For a long time, I thought we had moved beyond the stigma for HIV/AIDS, but I have come to realize we haven’t. AIDS is a “behavioral disease” as President Reagan so memorably put it. That is not a neutral statement however. Lung cancer, Heart disease, diabetes, high blood pressure are all also in many cases behavioral diseases, but with little stigma attached to them.
In the supreme perversity, we as taxpayers simultaneously subsidize tobacco growers with millions of dollars, and pay billions in long term health care costs.
I didn’t want to accept that in this age the stigma could still be that big of a factor, but bitter experience has taught me that it is so.

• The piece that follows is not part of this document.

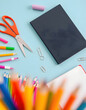 © Sergey - Flat lay of colorful school stationery including scissors, pencils, markers, paper clips, and a notebook on a light blue background, blurry foreground. isolated with white highlights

The interesting thing is that the cold facts of the HIV virus should be sufficiently scary to overcome those stigmas. In the lesser developed world (outside of the scope of your blog I know) it threatens to depopulate countries and destabilize governments in very strategic areas. Even Jessie Helms, whose career was a monument to obstruction of foreign aid, gay issues, and anything to do with people of color came to view HIV as a threat to the national security of the United States by the end of his career and voted for some funding for AIDS prevention in Africa.
Anyway, these are some of my thoughts.
This has been an interesting experience, I have learned a lot.
February 26th, 2010 @ 2:51 pm
Something didn’t sit right with me in the statement that breast cancer and AIDS have “similar death rates”, so I looked around a bit.
Google for “breast cancer mortality rate”: breast cancer has a 5-year survival rate of around 80-90%, and estimates of 10- and 20-year survival rates seem to be around 75% and 65%, respectively.
Google for “HIV/AIDS mortality rate”: in the absence of treatment, median survival is 8-13 years post-infection, but with HAART long-term survival rates may be as high as 90%, where “long term” seems to imply a similar life expectancy to the uninfected population (although I guess that drug side-effects would cut into that prognosis pretty hard).
All in all, for an acknowledged apples-to-oranges comparison, it turns out that brca and HIV/AIDS really do have broadly similar death rates. I think it just “felt wrong” because of the point you make about lifelong Rx for HIV/AIDS, compared to intermittent chemo/radio for cancer.
It’s a useful contrast: no one blames you for getting breast cancer, or wants to know how you got it before they decide whether you deserve treatment!